“I never heard your side”. Those were the words that were spoken to me during a general and genteel conversation about insurance that somehow drifted to the topic of my now three-year-old divorce. Hearing those words from this individual that was mutually connected to my ex-husband and me somehow felt as comforting as a bowl of piping hot vegetable soup, homemade from my mother’s stove on a chilly December night. I needed to hear that. Within those words I heard something I’d longed to hear, not from this person, but from anyone who might have heard the “initial story” and may not have heard the actual truth.
Not that my situation was any more horrible than anyone else going through a divorce. It wasn’t and I’ve heard of stories far more damaging than mine.
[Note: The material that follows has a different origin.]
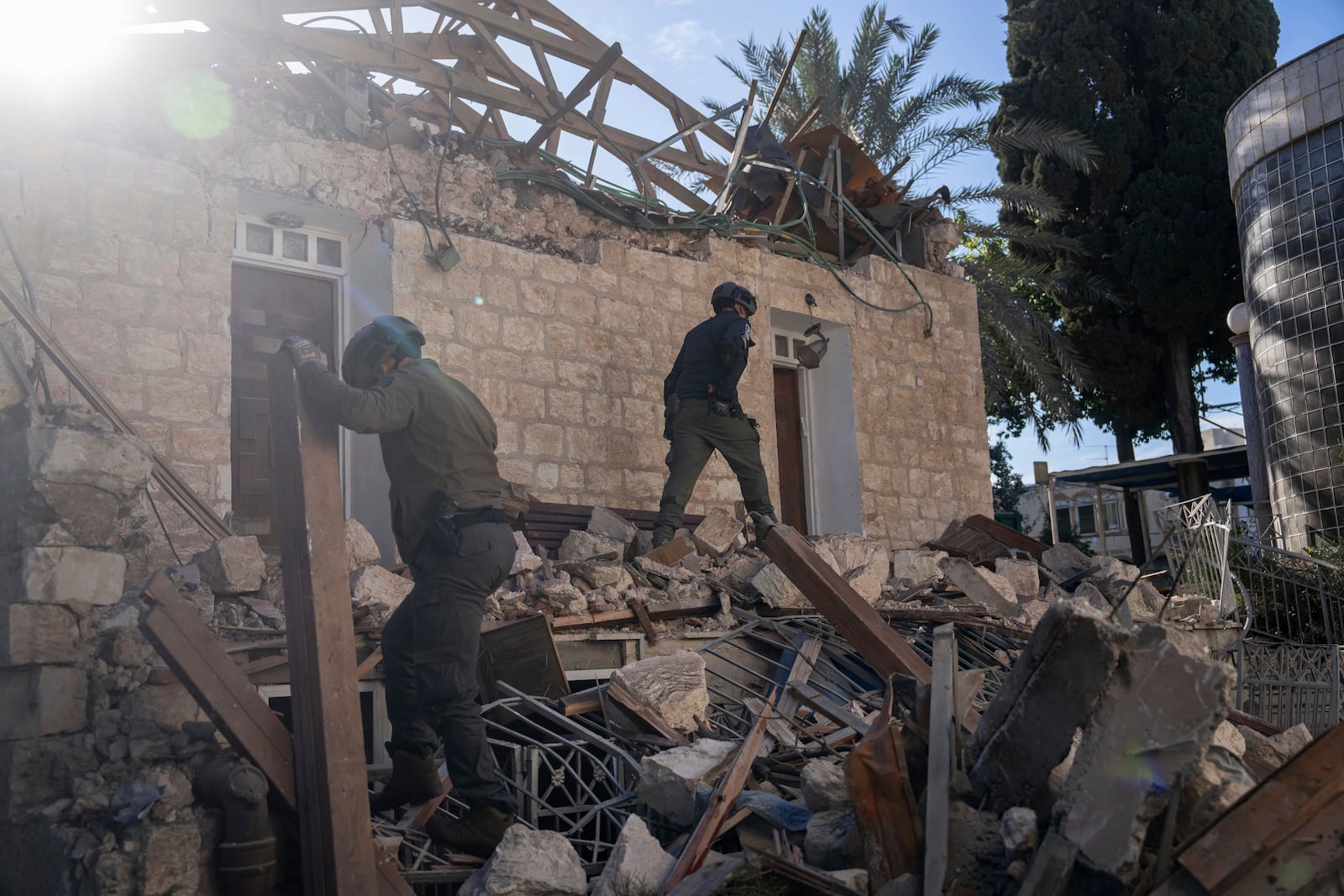 Israeli security forces check a house hit by a rocket fired from Lebanon on Saturday, in Haifa, Israel, Sunday, Nov. 17, 2024. (AP Photo/Ohad Zwigenberg)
But wanting to shout to the world why a husband really left and how things had been years and years prior to, but being made by God to be silent, kind, loving, prayerful and positive made it extra hard when opinions of various other parties and their perspectives were being shared on a larger scale and sadly believed by some who didn’t know you and by some whom you clearly didn’t know like you thought you did. To this day I often size up some people I see in the “questionable” category. Upon view of them I wonder, “which side of the story do you believe” or “how could you ever believe ANY side of the story when you didn’t take the time to hear mine.” That’s not productive in my life. I realize that so I work on it as often as I see someone who falls into that “questionable” category:)
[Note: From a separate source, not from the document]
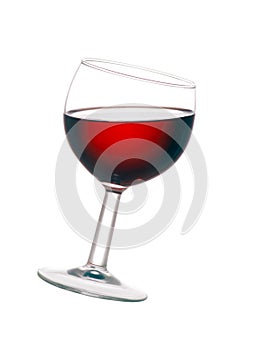 Glass of red wine, tilted, isolated on white background.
One thing I’ve learned is that pain (spiritual, emotional, financial, mental, physical, etc.) often clouds your clarity, and taints truth. Those factors lend a lot to divorce, or any circumstance that causes a rift in a previously established relationship or association. I get that and try to keep that in mind when dealing with anyone that has a distorted view, but that still doesn’t make the sting of being on the other end of that tainted cloudiness any easier to bear. One thing I’ve also learned is that it’s easier to spread something bad, negative or damaging, but much more difficult to clean it up as the true truth unfolds. So to those on the listening end of whatever is being shared, please be careful of what you hear and hold on to. One day you may find out it was actually untrue.
Whether it be due to divorce, failed friendships, ended family associations, job dissension, church squabbles or simple “falling out” I don’t know who this is for, but before settling on a side of the story be certain to know the entire book. There’s often a voice and a view that hasn’t been heard and deserves to.